San Francisco, September 13, 2017 : Living up to the hype it generated on the 10th anniversary of iPhone, Apple on Tuesday unveiled iPhone ‘X’ with facial recognition system, iPhone 8 and iPhone 8 Plus, new Apple Watch Series 3 and Apple TV 4K.

The device can be pre-ordered from October 27 will be available from November 3 for Rs 89,000 in India.

Hosting the event for the first time at the opulent Steve Jobs Theater on the new Apple Park campus in Cupertino, California, the tech giant introduced iPhone ‘X’ – an ultra-premium model.

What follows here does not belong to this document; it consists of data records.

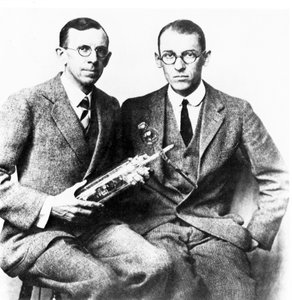 Clinton J Davisson ve Lester H Germer, Amerikalı fizikçiler, c 1927 by Frederick (attr. to) Barnard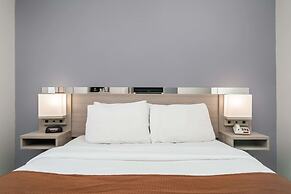 Microtel Inn & Suites by Wyndham Rochester North Mayo Clinic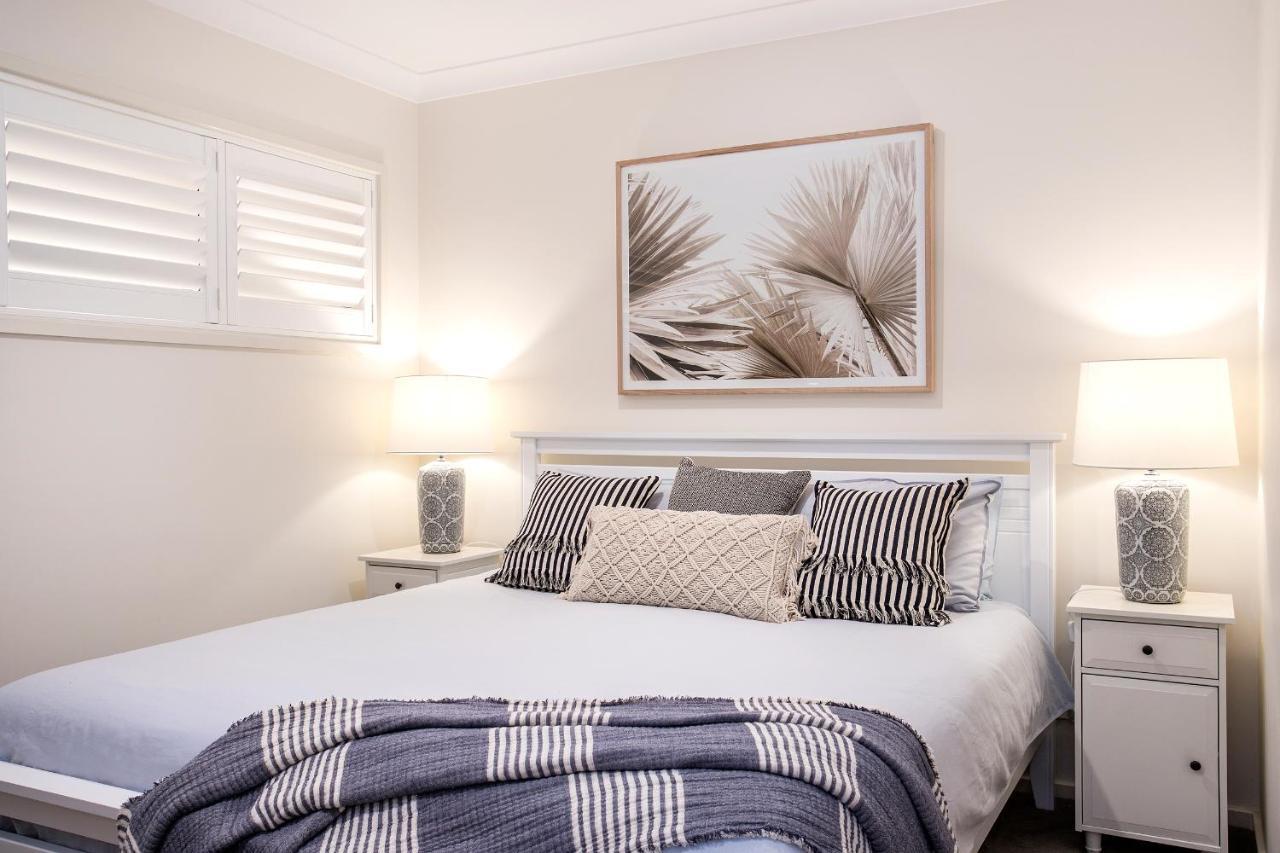 Beachfront One, Mollymook Exterior photo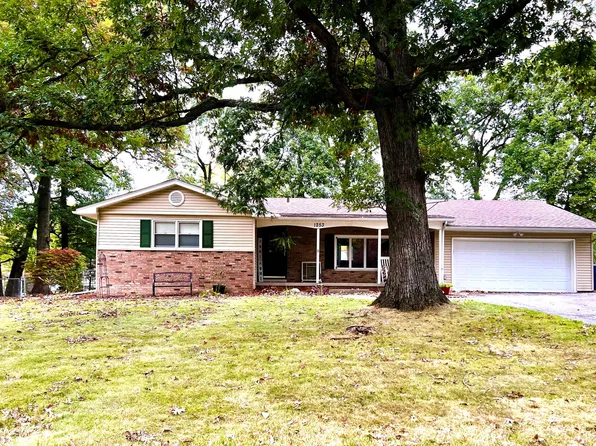 1253 Southwood Dr, Lowell, IN 46356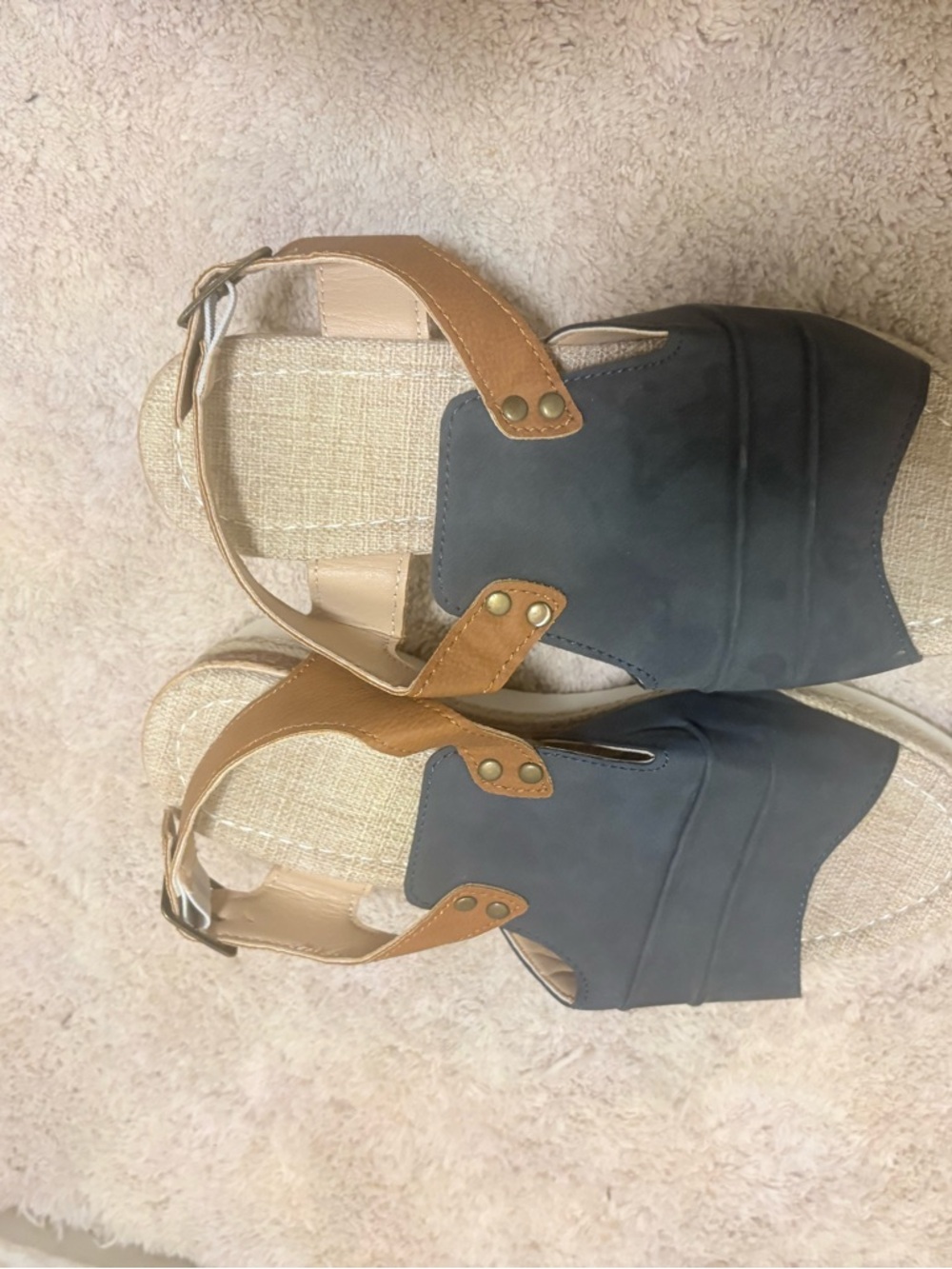 Women’s Open-Toe Wedge Sandals in Navy and Tan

iPhone ‘X’ sports a unique “FaceID” facial recognition system to unlock the device. Just look at your phone to unlock it. The feature is enabled by a ‘True Depth’ camera system in the A11 neural engine.

iPhone 'X'
Apple iPhone ‘X’ mockup. Wikimedia

Wearing a hat, glasses or new hairstyle will not fool the FaceID system that also works with Apple Pay.

The device with 2046 X 1125 resolution supports HDR in Dolby Vision, HDR10 and True Tone and comes in Space Grey and Silver colours with ‘Super Retina’ display.

Users can tap on the screen to wake up iPhone X that has 12MP dual-camera system with deeper pixels and dual optical image stablisation at the rear. iPhone ‘X’ does wireless charging via Qi technology.

The iPhone 8 features a new 6-core A11 Bionic processor which is 70 per cent faster than the previous A10.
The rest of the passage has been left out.